September 2009 – Sutter’s Mill

“What’s the best way to process a pool of work?” is a recurring question. As usual, the answer is “it depends” because the optimal answer often depends on both the characteristics of the work itself and the constraints imposed by run-time system resources.

For example, I recently received the following email from reader Sören Meyer-Eppler, where the key was to avoid oversubscribing system resources (in this case, memory):

I have an application that has multiple threads processing work from a todo queue. I have no influence over what gets into the queue and in what order (it is fed externally by the user). A single work item from the queue may take anywhere between a couple of seconds to several hours of runtime and should not be interrupted while processing. Also, a single work item may consume between a couple of megabytes to around 2GBs of memory. The memory consumption is my problem. I’m running as a 64bit process on a 8GB machine with 8 parallel threads. If each of them hits a worst case work item at the same time I run out of memory. I’m wondering about the best way to work around this.
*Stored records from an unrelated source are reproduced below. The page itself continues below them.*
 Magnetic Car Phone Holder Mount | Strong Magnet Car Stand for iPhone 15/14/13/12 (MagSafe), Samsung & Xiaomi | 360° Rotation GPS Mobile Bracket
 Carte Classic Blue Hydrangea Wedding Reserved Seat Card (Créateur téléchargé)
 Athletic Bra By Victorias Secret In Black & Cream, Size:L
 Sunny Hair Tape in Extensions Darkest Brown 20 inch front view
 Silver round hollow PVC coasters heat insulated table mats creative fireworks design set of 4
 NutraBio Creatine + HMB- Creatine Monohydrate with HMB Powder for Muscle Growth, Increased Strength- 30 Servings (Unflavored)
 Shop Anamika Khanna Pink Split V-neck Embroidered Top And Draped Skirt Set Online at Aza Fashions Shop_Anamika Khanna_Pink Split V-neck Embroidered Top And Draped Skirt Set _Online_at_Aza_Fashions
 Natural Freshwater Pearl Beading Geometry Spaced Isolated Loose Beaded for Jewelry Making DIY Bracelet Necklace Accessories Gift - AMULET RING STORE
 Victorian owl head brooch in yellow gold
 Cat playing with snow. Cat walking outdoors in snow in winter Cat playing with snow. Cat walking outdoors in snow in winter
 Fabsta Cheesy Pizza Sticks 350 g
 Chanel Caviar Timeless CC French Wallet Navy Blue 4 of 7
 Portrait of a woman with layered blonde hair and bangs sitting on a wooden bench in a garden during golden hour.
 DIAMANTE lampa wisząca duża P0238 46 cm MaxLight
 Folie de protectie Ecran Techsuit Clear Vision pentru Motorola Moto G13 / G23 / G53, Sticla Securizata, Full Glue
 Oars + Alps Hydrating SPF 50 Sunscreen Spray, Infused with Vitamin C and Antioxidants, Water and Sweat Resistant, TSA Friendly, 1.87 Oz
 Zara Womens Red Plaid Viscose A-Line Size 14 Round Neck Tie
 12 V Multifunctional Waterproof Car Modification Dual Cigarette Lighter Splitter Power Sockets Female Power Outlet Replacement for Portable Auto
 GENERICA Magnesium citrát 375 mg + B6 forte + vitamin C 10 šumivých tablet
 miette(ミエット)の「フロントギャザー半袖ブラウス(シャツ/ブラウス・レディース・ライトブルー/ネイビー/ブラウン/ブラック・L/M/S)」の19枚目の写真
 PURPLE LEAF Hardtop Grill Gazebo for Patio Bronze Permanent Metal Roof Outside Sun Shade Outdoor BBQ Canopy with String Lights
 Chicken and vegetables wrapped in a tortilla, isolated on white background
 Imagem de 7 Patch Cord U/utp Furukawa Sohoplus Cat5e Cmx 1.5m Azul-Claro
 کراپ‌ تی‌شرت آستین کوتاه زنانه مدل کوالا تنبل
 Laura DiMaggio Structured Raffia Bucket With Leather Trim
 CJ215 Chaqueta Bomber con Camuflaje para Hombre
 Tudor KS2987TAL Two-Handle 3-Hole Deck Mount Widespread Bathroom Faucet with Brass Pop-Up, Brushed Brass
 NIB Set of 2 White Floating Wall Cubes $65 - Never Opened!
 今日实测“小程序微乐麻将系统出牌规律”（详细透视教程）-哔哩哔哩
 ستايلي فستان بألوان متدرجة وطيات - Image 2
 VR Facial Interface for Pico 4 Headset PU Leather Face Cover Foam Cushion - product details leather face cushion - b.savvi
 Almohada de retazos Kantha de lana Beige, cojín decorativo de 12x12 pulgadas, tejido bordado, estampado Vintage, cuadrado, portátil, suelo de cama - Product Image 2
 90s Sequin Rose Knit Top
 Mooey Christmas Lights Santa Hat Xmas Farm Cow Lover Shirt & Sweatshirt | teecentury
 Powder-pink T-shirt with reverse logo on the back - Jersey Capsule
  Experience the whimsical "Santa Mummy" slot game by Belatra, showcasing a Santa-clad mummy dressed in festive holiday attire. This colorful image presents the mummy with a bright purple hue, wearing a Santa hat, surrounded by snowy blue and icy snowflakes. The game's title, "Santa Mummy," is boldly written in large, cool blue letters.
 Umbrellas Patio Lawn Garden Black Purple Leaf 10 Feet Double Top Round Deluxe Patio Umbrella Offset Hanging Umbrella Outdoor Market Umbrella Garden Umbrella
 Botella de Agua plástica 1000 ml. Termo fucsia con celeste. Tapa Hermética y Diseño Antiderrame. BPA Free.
1. plan conservatively and run 4 threads only. The worst case shouldn’t be a problem anymore, but we waste a lot of parallelism, making the average case a lot slower.

2. make each thread check available memory (or rather total allocated memory by all threads) before starting with a new item. Only start when more than 2GB memory are left. Recheck periodically, hoping that other threads will finish their memory hogs and we may start eventually. Still dangerous if the check happens when all threads are just starting out with their allocations.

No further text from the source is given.